Most people would stop at this point, but this is only part of the issue.

Many leagues and organizations aren’t interested in investing in their officials by offering convenient ongoing local training and mentorship. Some leagues are poorer than others, no doubt, but a quality experience requires an investment beyond the facilities and equipment.

Officials also have to deal with egos and politics from other officials and the organizations they work with to get their game assignments. Rather than accept that the politics are driving people away, veteran officials double-down and perpetuate the mindset that new officials must simply accept the circumstances; all while lamenting the fact that their ranks are steadily dwindling.

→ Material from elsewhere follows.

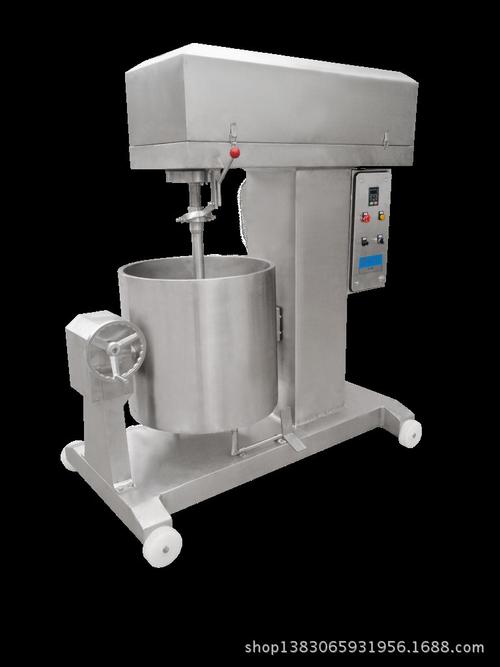 供应 液压升降打浆机 高速肉泥机,自动取料易清洗 节约能源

Inexperienced officials often also get stuck with low performance games and other inexperienced officials, assuring that they don’t get the necessary training, game action, and guidance they need to improve as officials. This doesn’t even go into issues with favoritism or falling out of favor with an assignor because someone had to go work their primary job or take care of a personal issue.

There are also many times where an official is sent to call a game by themselves, which drastically increases the chances of missing a call. It’s impossible for an official to see the entire field and what’s happening, even for veterans. Sometimes this is due to a shortage of officials, but also due to an unwillingness to pay for a second official to be present.

Sometimes there are officials who simply have no desire to improve, only to collect the money, do the bare minimum, and go home. These types are more likely to make egregiously bad calls, and it’s not unreasonable for people to be upset about it. Other times an official’s ego will inflame a situation, making outbursts from parents and coaches more likely. Do the actions of either of these situations excuse the actions of the coaches and parents? No, but it must be acknowledged that being able to calm down a volatile situation and working to ensure a correct call should be necessary skills and mindsets for officials. Other officials who find themselves partnered with these types end up questioning if they could be doing something better with their time.

Some officials keep at it though because they simply love doing it, despite the terrible things they endure. For love of the game simply won’t be enough in the end however, especially at the rate we’re going.